Grief and the Holidays
After someone dies, you may find that your grief surfaces again and again. Often this seems to happen "out of the blue" and it may feel like an unwelcome intrusion. You may be enjoying yourself one moment and then be in tears the next. You may also notice that certain days or events – like Christmas and the holiday season – can cause your grief to increase or return.
That’s why, for many people, December is the most difficult time of the year. Memories of past celebrations with family members or friends who are no longer here can magnify feelings of loss, and you may want to avoid reminders of celebration and togetherness.
If you experience this kind of grief that returns or increases – even years after your loved one died – understand that it is common and a normal aspect of the grieving process. Grief has a timing of its own, sometimes appearing – or disappearing – when we least expect it. This ebb and flow of feelings is very natural and is a sign of healthy coping.
Tips for coping:
- As the holidays approach, it can be helpful to share your concerns, feelings and apprehensions with someone. Let people know what is difficult for you, and accept offers of help.
- Think about how you will respond to others when they offer holiday wishes. You can simply say “Thank you” or “Best wishes to you”.
- Consider cutting back on your holiday traditions by not sending cards, or by enlisting the help of other people with meals and decorating.
- Take time to do something in memory of the person who died, and celebrate their life.
- If you find Christmas shopping upsetting, it may help to shop early, to shop by telephone, the Internet or catalogue, or to take along an understanding friend.
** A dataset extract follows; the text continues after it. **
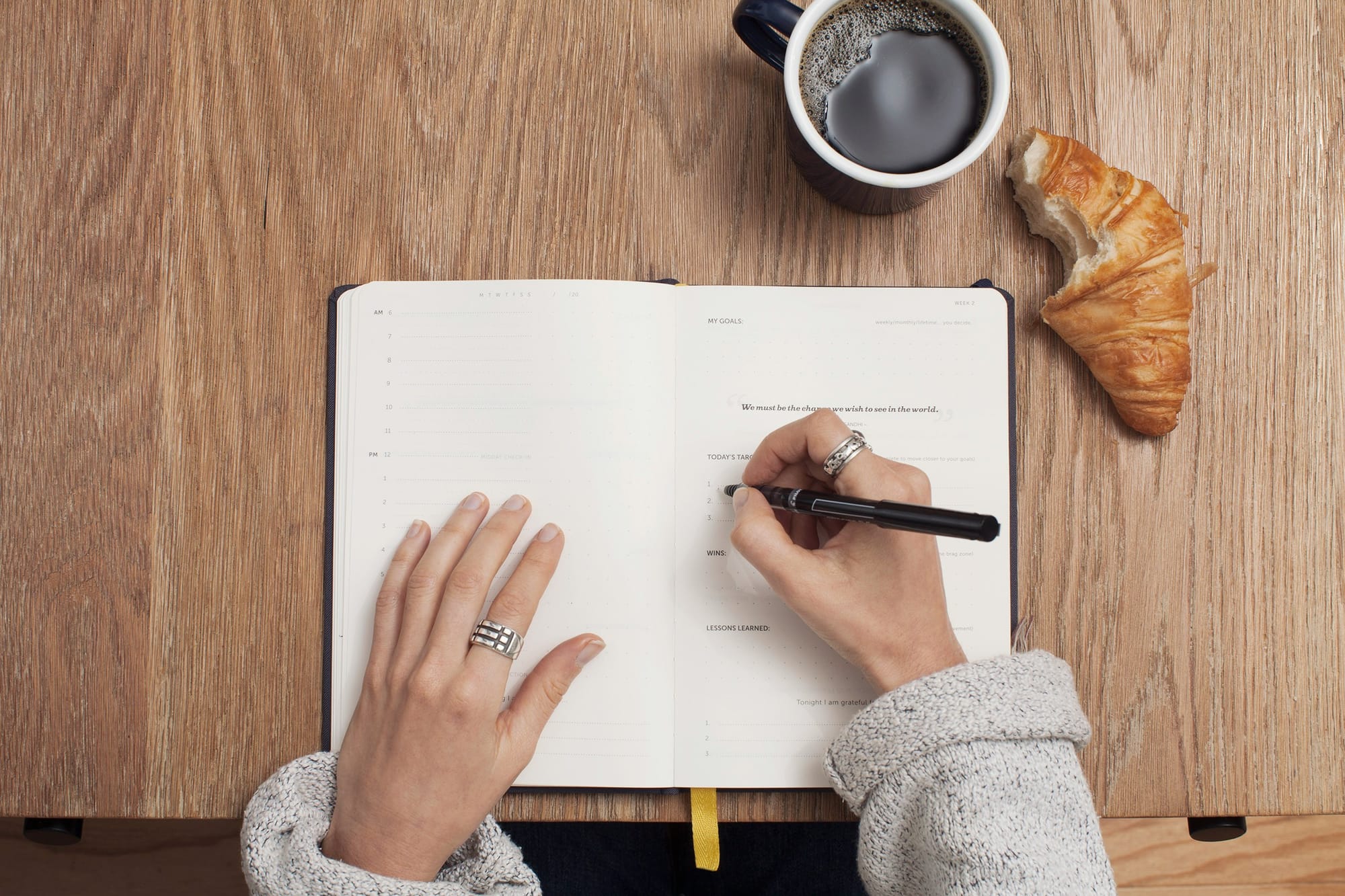 Woman's hands writing on a notebook with a coffee and a croissant on the table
You may also decide to go “shopless” this year and make a charitable donation in the name of the person who has died.
- Remind yourself that it’s okay to laugh as well as cry.
- Consider alternatives such as developing new traditions, going away, eating at restaurants or buying gift cards.
- Create a special decoration and give it a place of honour.
And perhaps most importantly, remember that you can always do things differently next year.